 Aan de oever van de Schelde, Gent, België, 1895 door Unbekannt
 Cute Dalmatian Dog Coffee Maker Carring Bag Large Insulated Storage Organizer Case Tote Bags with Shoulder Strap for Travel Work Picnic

...

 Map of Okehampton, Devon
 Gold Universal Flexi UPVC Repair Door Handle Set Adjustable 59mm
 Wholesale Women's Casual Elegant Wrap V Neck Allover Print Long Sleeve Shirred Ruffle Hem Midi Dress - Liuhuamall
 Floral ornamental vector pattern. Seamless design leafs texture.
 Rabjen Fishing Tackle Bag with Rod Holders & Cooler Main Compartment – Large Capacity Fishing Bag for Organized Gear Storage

* DIRECTIONS FOR THIS TASK: Scan the listing above for the line that has "Aan de oever", then copy exactly from that line through the line that has "Cute Dalmatian Dog".

* ANSWER TO THIS TASK:
 Aan de oever van de Schelde, Gent, België, 1895 door Unbekannt
 Cute Dalmatian Dog Coffee Maker Carring Bag Large Insulated Storage Organizer Case Tote Bags with Shoulder Strap for Travel Work Picnic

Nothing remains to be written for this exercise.